● **Problem**:
In the data below, find every line that has the string "image", and copy it.

● **Entries shown**:
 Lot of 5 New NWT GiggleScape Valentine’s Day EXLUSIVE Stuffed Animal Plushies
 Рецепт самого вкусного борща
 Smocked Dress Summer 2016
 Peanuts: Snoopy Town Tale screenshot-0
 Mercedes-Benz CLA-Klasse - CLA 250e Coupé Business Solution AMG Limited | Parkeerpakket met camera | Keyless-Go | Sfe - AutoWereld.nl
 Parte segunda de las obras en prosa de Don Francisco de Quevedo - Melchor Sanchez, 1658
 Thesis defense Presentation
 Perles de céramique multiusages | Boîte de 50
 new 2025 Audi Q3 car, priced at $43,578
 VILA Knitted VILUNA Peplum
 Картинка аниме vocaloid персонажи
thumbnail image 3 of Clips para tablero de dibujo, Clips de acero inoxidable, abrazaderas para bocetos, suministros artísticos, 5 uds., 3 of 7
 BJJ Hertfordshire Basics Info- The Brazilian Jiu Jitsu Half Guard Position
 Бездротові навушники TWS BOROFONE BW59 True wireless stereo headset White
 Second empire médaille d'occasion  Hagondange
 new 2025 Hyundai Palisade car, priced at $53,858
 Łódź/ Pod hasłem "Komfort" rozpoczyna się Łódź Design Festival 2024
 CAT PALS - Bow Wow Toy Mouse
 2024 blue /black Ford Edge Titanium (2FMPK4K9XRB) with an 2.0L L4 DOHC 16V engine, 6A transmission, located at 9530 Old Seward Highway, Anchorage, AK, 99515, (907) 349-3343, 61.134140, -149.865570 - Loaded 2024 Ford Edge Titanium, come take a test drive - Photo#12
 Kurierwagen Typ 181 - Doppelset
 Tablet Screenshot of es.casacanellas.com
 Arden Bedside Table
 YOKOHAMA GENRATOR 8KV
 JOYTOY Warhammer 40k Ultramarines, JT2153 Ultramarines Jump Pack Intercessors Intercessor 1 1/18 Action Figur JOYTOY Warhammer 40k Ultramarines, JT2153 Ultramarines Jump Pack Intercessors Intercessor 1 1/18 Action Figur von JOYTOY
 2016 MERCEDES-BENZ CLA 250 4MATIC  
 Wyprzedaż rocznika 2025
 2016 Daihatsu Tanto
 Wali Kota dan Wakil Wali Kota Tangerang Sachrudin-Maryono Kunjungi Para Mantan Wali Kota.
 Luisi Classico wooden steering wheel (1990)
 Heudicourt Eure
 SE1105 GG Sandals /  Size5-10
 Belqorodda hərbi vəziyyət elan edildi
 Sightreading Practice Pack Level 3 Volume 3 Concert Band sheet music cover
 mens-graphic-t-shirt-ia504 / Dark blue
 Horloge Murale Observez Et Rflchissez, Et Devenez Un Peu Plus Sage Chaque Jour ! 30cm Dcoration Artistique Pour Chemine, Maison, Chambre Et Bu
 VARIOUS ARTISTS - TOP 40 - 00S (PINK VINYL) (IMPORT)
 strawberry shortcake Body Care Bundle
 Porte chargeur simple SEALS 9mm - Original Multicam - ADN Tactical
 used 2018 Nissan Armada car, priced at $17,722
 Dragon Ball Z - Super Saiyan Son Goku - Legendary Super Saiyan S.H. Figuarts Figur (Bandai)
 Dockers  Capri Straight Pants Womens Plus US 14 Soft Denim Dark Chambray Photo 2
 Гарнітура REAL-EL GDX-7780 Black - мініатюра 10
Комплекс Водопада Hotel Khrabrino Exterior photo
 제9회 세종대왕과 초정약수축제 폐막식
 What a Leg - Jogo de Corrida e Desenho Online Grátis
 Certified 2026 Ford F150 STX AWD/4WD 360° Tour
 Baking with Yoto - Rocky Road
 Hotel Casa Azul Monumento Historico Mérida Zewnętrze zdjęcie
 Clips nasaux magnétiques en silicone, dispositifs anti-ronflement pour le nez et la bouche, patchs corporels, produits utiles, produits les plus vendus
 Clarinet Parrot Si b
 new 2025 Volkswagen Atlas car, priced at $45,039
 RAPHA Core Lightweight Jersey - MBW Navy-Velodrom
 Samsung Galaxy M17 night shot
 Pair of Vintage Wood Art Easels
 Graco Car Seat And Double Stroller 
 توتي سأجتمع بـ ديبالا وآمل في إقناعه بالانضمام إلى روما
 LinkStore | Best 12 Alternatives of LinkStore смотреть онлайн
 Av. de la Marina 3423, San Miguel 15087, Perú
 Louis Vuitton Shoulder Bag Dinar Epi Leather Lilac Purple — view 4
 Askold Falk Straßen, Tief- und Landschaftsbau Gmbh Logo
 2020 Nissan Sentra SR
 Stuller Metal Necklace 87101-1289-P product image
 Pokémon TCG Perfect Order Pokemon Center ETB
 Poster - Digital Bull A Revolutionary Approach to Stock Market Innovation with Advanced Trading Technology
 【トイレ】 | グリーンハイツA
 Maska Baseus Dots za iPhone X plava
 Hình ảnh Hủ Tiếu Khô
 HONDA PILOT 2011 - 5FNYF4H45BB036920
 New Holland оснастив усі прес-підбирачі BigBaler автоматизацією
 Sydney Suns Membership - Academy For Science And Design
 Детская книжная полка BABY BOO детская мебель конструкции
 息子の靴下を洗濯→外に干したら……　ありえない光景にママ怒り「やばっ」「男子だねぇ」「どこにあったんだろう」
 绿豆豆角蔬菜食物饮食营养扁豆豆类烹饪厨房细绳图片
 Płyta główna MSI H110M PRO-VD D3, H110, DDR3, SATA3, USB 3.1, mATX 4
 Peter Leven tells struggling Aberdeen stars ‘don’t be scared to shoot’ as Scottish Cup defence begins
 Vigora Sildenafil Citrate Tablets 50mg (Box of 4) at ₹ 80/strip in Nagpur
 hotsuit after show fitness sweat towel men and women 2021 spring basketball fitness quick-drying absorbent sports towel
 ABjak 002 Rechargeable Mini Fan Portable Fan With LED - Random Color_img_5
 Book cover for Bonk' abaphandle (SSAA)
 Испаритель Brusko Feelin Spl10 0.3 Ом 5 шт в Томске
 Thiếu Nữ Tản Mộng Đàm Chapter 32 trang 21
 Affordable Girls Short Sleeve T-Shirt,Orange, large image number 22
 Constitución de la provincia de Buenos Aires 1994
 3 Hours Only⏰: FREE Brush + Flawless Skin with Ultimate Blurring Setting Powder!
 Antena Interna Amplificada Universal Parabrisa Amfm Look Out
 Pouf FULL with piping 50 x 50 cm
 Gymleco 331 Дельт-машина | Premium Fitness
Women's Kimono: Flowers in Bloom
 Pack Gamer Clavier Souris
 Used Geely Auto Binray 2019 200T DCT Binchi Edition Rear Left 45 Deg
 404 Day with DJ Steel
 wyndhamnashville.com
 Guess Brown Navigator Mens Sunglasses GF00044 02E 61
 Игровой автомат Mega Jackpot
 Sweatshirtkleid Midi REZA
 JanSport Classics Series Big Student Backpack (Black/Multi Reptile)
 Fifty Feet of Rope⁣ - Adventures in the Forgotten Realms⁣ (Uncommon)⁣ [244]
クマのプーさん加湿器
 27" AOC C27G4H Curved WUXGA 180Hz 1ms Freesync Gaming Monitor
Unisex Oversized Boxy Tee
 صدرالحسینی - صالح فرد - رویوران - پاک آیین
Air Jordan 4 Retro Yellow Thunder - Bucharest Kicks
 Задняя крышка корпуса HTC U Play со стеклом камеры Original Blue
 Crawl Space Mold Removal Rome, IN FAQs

● **The answer**:
thumbnail image 3 of Clips para tablero de dibujo, Clips de acero inoxidable, abrazaderas para bocetos, suministros artísticos, 5 uds., 3 of 7
 Stuller Metal Necklace 87101-1289-P product image
 Affordable Girls Short Sleeve T-Shirt,Orange, large image number 22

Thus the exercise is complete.